_INPUT RECORDS_.
▼

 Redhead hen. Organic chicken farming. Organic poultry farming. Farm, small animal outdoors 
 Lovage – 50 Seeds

▲
▼

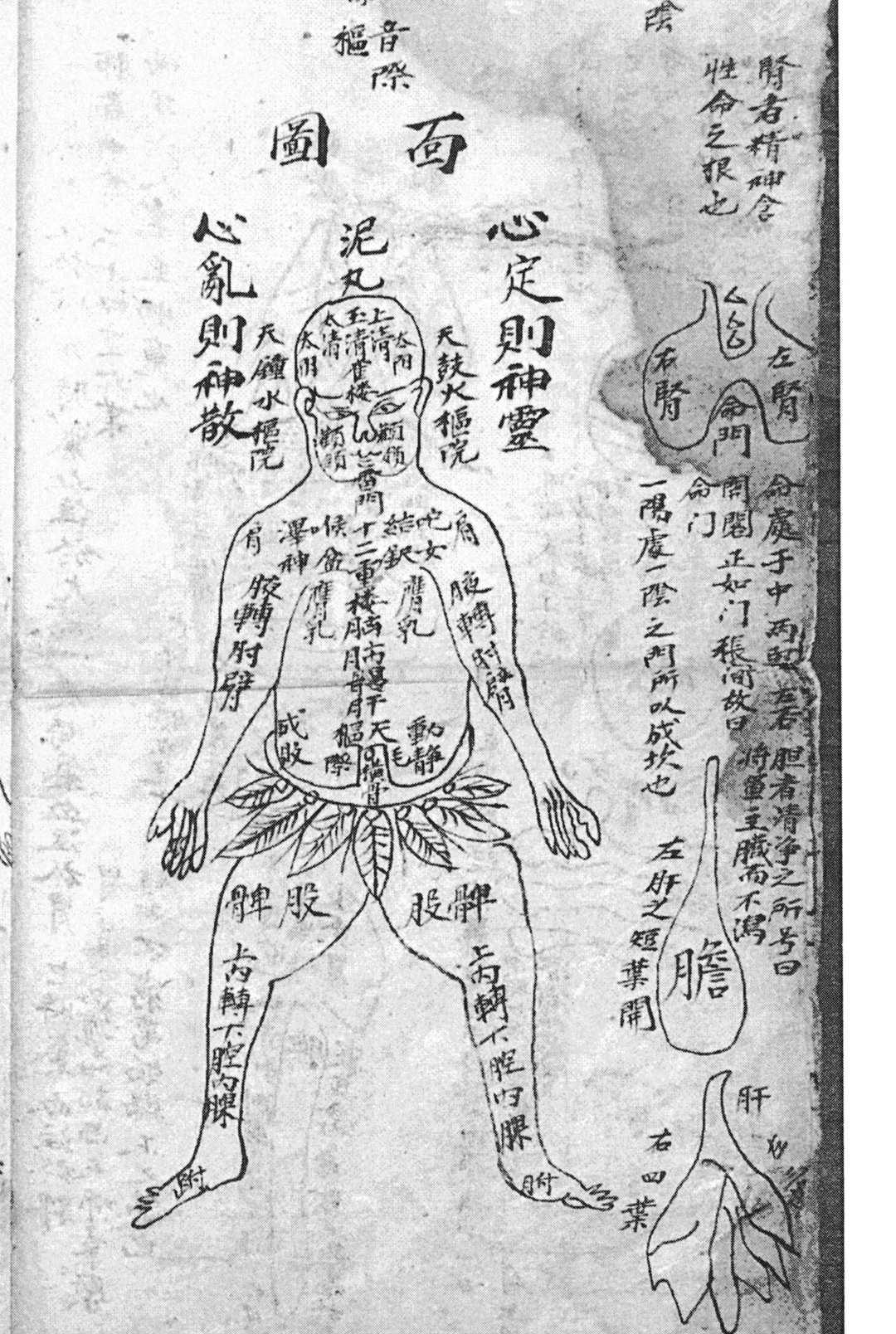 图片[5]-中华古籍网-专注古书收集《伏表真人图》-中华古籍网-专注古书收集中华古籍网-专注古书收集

▲

_PROBLEM TO WORK ON_.
Considering only the material above, set down every line from the one with "Redhead hen. Organic" to the one with "Lovage – 50 Seeds", inclusive, exactly as written.

_EXERCISE SOLUTION_.
 Redhead hen. Organic chicken farming. Organic poultry farming. Farm, small animal outdoors 
 Lovage – 50 Seeds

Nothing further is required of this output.